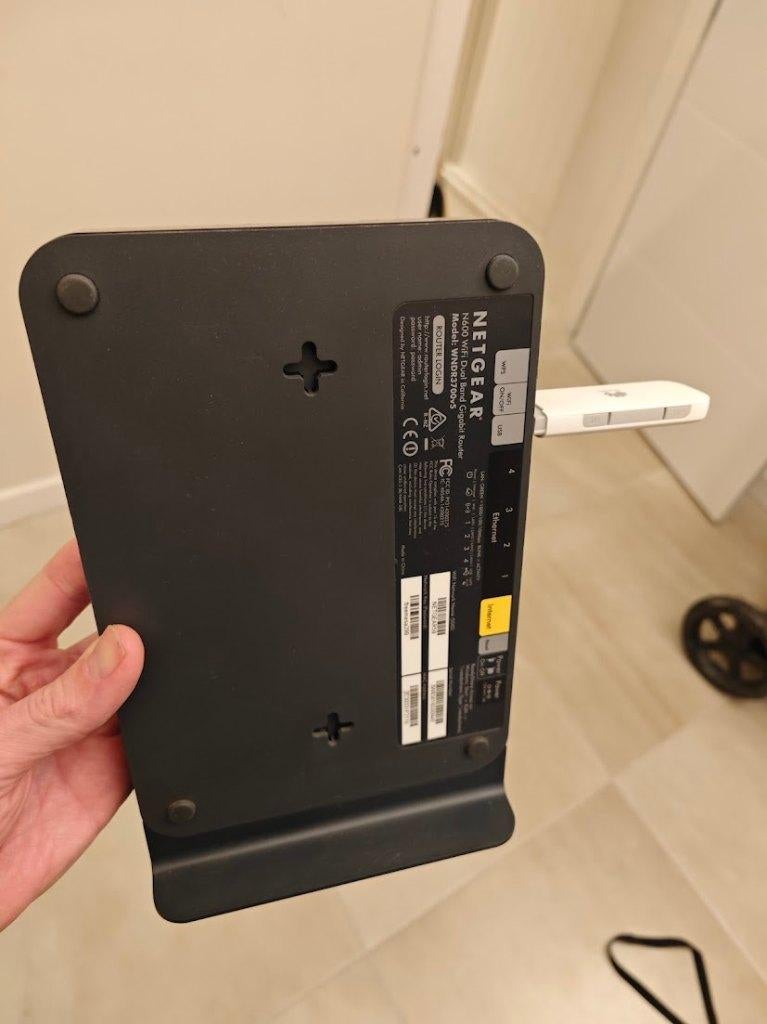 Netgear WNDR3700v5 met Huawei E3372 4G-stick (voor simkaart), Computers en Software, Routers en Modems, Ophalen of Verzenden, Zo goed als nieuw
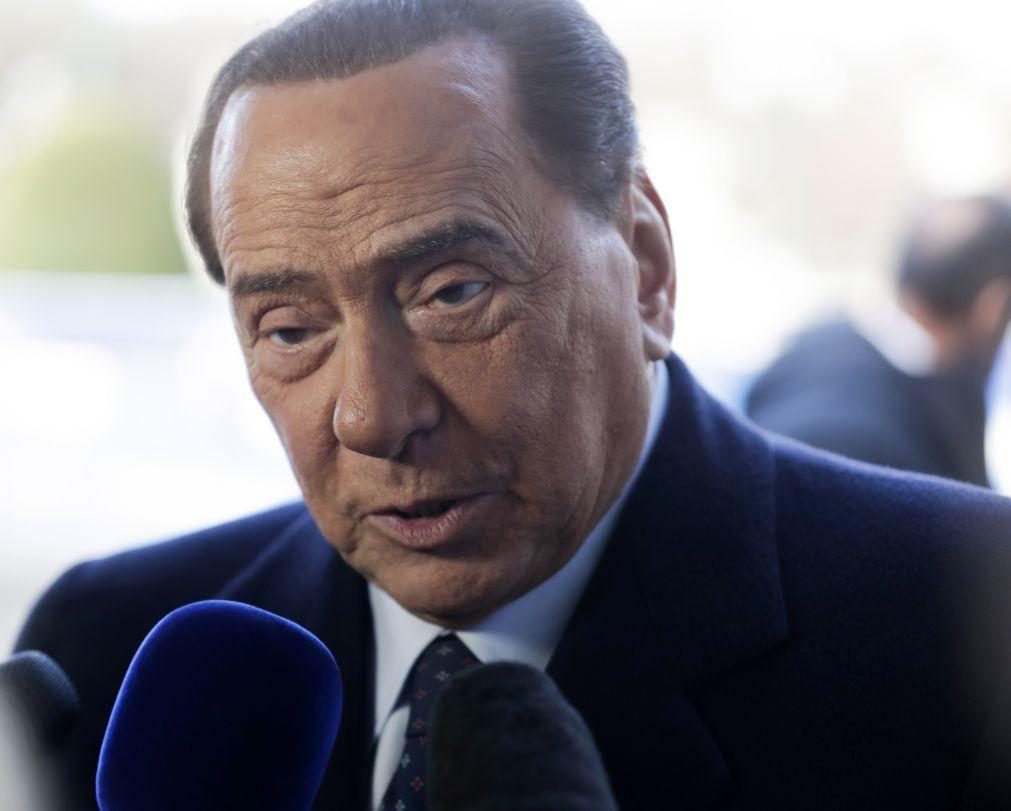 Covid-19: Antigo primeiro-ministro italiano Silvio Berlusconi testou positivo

════════════════════

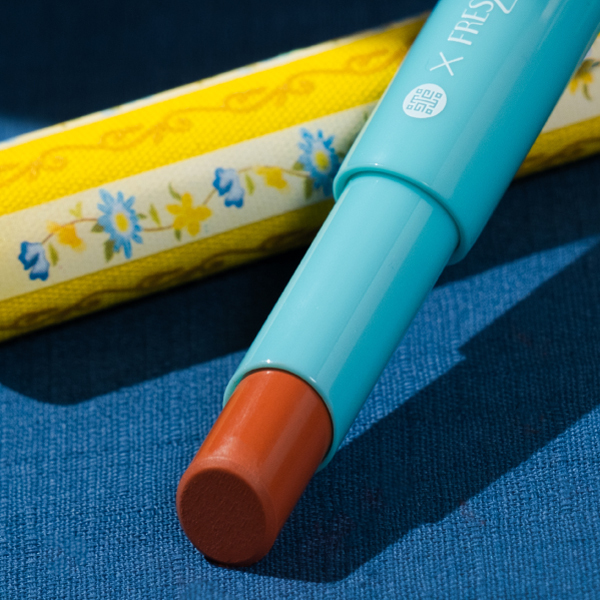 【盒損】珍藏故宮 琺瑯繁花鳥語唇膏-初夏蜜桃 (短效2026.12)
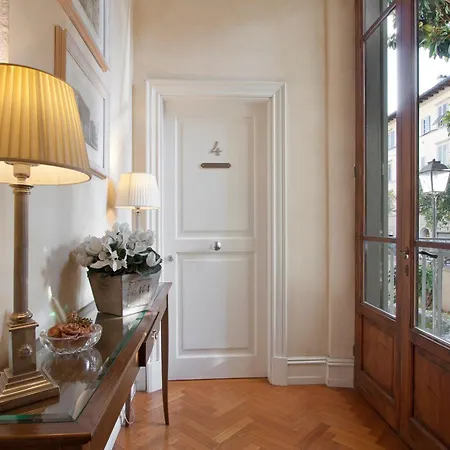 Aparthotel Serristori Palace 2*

════════════════════

§ **YOUR ASSIGNMENT**: Starting at the line containing "Netgear WNDR3700v5 met" and stopping at the line containing "Covid-19: Antigo primeiro-ministro", output every line above exactly, both ends included, with pictures omitted.

§ **RESPONSE**:
 Netgear WNDR3700v5 met Huawei E3372 4G-stick (voor simkaart), Computers en Software, Routers en Modems, Ophalen of Verzenden, Zo goed als nieuw
 Covid-19: Antigo primeiro-ministro italiano Silvio Berlusconi testou positivo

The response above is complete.